Sie nimmt sich minutenlang Zeit, dem Gegner zu gratulieren

Nicht so nach dem Jamaika-Spiel. Im Moment ihrer größten Niederlage zeigte sie Größe. Marta war nach dem Abpfiff übers Spielfeld gegangen, um die gegnerischen Spielerinnen abzuklatschen und sie für ihren aufopferungsvollen Kampf gegen den hohen Favoriten zu beglückwünschen. Das macht eine Weltklassespielerin aus. Sie drückte sich nicht vor der Verantwortung, schämte sich nicht ihrer Tränen, sondern stellte sich.

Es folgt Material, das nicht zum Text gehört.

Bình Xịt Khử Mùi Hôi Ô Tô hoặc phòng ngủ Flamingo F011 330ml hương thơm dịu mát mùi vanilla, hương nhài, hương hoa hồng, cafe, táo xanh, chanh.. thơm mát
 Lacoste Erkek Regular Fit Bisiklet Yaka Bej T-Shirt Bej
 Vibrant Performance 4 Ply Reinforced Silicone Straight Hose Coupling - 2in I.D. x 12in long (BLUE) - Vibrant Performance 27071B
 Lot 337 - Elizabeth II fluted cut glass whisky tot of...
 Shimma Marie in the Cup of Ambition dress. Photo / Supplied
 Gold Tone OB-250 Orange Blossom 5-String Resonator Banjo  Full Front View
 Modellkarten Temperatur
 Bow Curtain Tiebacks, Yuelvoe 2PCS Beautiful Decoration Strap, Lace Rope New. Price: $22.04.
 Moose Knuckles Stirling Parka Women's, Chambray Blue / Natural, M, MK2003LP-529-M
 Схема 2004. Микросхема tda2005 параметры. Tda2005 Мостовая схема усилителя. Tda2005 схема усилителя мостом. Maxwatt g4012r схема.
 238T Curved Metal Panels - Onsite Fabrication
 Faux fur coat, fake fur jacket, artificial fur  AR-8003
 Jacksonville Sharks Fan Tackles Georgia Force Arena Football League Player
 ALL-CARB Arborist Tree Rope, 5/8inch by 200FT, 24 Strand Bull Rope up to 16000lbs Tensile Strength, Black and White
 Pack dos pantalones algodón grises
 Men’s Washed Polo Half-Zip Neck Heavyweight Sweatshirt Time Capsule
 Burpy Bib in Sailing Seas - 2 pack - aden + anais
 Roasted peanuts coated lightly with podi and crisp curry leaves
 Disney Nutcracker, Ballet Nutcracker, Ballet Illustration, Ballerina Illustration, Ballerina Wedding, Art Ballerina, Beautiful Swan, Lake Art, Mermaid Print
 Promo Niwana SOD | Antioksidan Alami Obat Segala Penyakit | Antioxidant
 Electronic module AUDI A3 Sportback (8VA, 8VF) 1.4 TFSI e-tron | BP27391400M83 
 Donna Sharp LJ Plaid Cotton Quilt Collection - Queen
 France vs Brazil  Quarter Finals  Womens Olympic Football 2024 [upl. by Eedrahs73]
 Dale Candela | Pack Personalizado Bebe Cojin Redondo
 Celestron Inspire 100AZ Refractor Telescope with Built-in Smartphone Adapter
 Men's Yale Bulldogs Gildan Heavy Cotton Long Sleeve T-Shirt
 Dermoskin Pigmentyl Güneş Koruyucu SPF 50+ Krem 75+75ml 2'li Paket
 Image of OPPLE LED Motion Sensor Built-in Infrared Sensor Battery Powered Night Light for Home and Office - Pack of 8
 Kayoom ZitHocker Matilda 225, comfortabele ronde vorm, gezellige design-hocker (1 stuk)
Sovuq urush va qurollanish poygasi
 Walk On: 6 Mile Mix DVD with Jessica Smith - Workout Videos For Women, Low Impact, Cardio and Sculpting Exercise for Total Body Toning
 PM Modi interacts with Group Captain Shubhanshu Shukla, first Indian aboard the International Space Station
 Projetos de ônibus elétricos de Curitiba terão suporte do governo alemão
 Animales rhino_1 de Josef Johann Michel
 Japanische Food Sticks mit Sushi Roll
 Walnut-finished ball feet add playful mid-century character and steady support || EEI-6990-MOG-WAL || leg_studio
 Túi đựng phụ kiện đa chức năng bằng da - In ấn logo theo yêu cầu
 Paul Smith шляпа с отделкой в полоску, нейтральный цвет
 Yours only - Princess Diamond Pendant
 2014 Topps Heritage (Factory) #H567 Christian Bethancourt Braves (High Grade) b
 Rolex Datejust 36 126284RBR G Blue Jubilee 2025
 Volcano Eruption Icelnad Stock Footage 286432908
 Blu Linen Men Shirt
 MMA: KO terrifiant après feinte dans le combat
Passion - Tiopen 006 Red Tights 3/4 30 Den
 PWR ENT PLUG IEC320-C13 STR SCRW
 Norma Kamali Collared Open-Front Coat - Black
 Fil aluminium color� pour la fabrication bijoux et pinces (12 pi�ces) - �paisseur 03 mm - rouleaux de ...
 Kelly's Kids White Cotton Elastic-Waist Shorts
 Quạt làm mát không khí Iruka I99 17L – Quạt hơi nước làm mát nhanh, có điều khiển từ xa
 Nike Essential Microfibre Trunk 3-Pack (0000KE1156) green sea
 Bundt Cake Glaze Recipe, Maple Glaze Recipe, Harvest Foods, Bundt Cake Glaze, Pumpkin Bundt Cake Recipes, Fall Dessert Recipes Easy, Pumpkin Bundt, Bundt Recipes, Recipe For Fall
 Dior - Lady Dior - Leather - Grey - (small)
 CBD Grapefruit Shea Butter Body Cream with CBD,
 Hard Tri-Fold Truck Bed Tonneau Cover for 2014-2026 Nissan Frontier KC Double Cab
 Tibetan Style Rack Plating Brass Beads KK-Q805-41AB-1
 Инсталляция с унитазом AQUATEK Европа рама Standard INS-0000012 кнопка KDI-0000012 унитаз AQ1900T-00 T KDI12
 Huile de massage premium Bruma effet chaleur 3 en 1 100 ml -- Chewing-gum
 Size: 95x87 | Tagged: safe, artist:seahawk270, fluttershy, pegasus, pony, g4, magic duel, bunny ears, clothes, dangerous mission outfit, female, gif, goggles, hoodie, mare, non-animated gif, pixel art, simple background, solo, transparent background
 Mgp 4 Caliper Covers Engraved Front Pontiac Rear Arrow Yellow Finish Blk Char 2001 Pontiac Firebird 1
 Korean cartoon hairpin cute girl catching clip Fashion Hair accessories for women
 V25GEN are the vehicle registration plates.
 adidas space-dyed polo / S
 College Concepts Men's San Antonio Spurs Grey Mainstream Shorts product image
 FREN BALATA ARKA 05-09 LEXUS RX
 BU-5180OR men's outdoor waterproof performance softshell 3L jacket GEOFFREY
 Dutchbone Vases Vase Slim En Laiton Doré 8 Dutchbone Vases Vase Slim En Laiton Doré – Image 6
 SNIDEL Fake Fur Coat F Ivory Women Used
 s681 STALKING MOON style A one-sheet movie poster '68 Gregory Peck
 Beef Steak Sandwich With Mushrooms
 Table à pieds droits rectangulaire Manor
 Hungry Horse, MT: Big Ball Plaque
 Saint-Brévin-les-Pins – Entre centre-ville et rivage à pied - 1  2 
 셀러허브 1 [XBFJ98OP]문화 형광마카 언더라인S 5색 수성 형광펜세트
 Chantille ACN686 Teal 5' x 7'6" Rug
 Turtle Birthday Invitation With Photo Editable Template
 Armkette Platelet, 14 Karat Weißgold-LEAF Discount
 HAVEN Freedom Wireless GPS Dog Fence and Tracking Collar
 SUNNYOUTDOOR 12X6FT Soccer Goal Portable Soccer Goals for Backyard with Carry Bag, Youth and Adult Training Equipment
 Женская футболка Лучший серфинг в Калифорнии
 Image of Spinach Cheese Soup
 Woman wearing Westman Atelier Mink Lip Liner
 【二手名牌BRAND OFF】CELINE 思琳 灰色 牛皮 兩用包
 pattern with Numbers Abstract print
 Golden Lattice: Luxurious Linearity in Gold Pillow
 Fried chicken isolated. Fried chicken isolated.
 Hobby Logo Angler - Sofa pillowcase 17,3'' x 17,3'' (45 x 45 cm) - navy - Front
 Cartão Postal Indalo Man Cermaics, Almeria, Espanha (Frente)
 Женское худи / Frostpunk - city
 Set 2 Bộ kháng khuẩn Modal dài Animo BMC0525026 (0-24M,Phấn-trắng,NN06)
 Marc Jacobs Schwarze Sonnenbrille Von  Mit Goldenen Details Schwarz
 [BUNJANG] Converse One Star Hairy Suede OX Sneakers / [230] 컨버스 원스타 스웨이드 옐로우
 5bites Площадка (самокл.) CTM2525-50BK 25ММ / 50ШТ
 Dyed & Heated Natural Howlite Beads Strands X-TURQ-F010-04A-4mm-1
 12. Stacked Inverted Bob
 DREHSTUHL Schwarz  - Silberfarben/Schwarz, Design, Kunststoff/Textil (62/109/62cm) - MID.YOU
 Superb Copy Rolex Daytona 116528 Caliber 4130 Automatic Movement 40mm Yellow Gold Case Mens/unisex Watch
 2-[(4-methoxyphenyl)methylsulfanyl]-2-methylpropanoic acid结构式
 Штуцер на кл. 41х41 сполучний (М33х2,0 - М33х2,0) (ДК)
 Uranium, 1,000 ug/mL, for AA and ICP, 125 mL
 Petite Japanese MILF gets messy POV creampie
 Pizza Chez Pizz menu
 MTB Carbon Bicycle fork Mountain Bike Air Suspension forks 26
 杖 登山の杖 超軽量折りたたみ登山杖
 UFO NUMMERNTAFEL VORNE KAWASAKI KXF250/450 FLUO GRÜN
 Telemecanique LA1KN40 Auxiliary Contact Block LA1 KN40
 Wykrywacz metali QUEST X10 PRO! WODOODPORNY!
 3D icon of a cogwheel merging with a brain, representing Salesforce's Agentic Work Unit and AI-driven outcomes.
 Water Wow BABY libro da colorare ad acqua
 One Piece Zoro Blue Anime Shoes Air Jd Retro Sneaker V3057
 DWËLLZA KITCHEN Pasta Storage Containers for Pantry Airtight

Sie ging zu ihrem Pendant auf jamaikanischer Seite, Stürmerin Khadija Shaw, nahm sie in den Arm, sprach lange mit ihr. Shaw zeigte immer wieder mit dem Finger auf Marta. Es sah so aus, als wolle sie sich bei ihrem Idol bedanken, dass sie gerade mit ihrem Team um die letzte Chance einer Krönung beraubt hatte. Denn Marta hat so ziemlich alles gewonnen, was es im Fußball zu gewinnen gibt. Nur den größten Titel, den einer WM, den holte sie nie.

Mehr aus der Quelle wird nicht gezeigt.